Her work Memory Lane with Kris Drever (of Lau) was featured on Radio 3’s Late Junction with Max Reinhardt, her work Chapels with Splendid Glass Windows was featured on BBC Scotland’s Classics Unwrapped, and her project Remembered Imagined played to packed houses in 2013 and was reviewed in The Scotsman as “fearless innovators” and “a web of influences and interconnections” The piece Clachan Beo from this performance was described as “the natural melodies in a South Uist’s man storytelling served as launchpads for Skuse’s witty, skittering music… Old tunes, maybe, but magically fresh takes on them.”

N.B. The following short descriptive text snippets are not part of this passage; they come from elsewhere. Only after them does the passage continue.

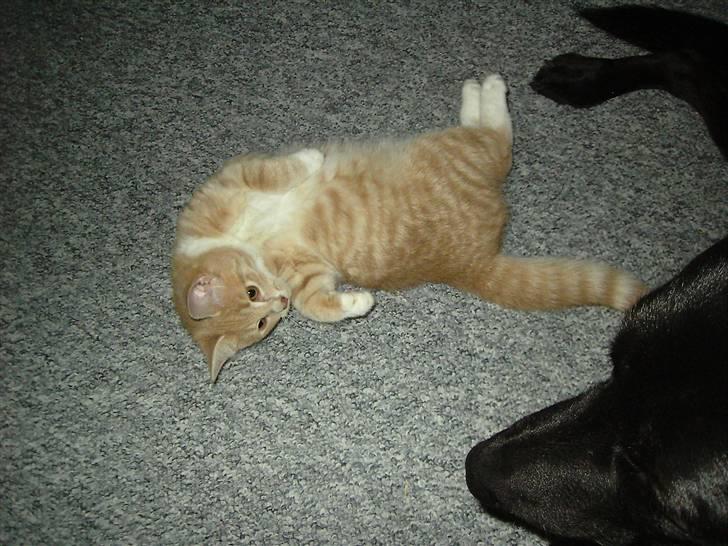 Blanding af racer Sunset  billede 11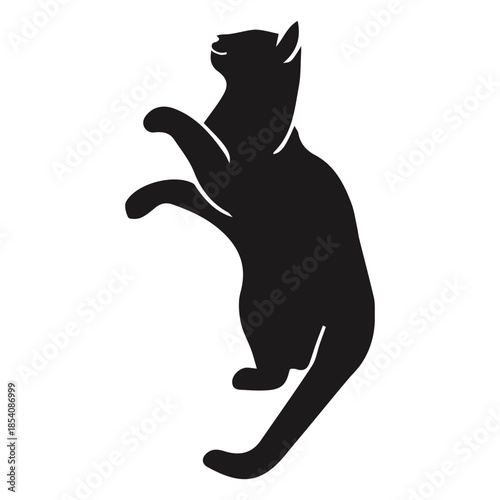 Cat looking up animal silhouette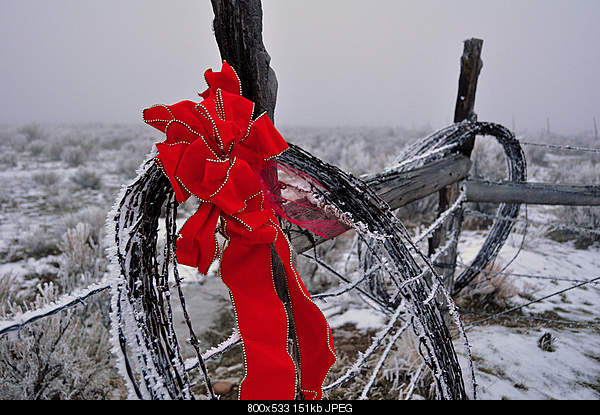 Beautiful photos from around the world.....-thursday-december-23-2010-lamoille-nv.jpg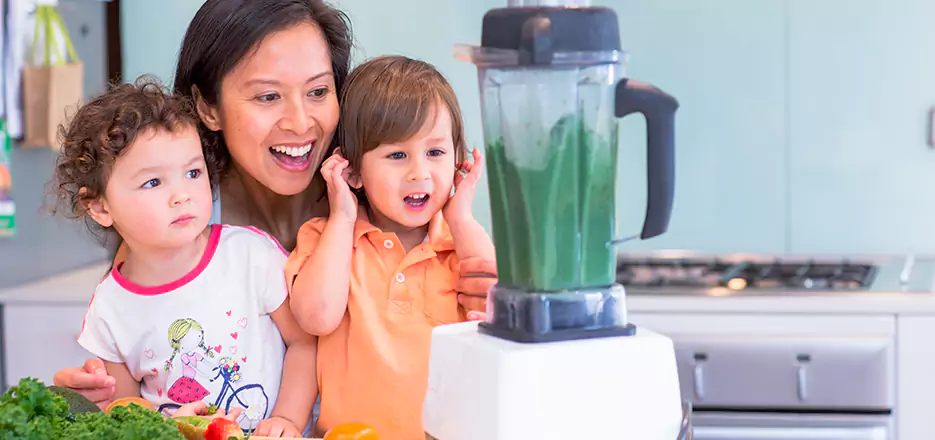 Juicer and Mixer Blender Repair in Torrington 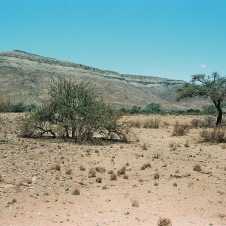 R1-01661-0007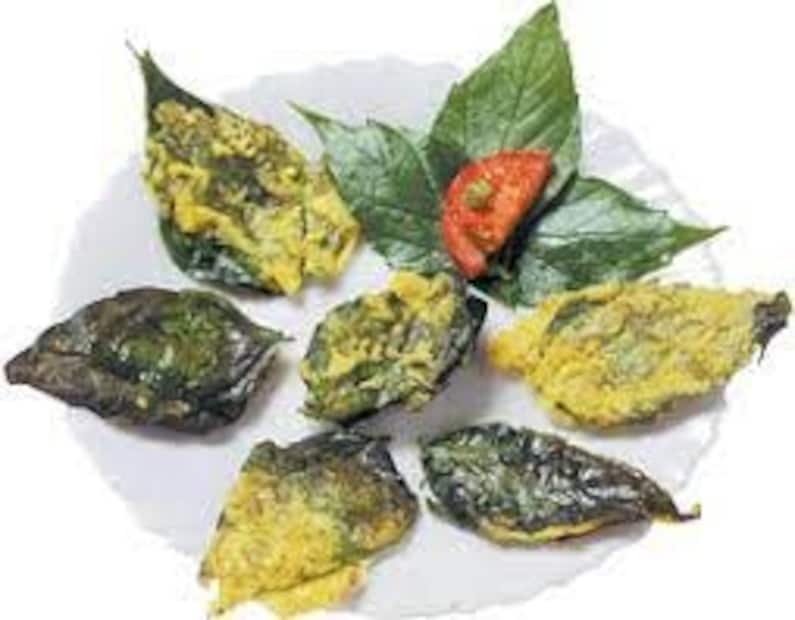 পরিপাক ক্রিয়ায় সাহায্য করে অরুচি কাটিয়ে মুখে রুচি ফিরিয়ে আনে শিউলিপাতার রস ৷
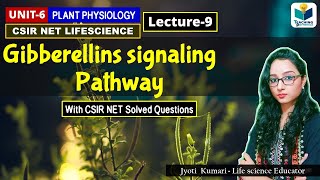 GIBBERELLIN SIGNALING PATHWAY  PHYTOHORMONEPART9 CSIR NETPLANT BIOLOGY [upl. by Anhavas855]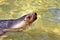 Australian Sea-Lion surfacing to breathe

Amble wrote a bespoke piece for instruments and technology for the British ParaOrchestra. Charles Hazlewood described her as a “fierce creative spirit! We couldn’t ignore Amble’s brilliance (a true sonic adventurer)”. Her album What News with Alasdair Roberts and David McGuinness was described in The Guardian as “Skuse’s laptop textures offer slow-burning, elemental accompaniment throughout. So many intricate ideas here, so beautifully done.” Her work We Ask These Questions of Everybody is a digital opera exploring the lives of Disabled people in the UK. It was premiered at Scotland’s Sound Festival and gained a 5 star review from The i “Politically important and an artistic triumph”.
Amble recently wrote Divergent Sounds in collaboration with Kings College London. The piece uses interviews with NeuroDivergent people, electronics, body sensors and a 13 piece orchestral ensemble. It was premiered to a packed house at the Queen Elizabeth Hall at the Southbank.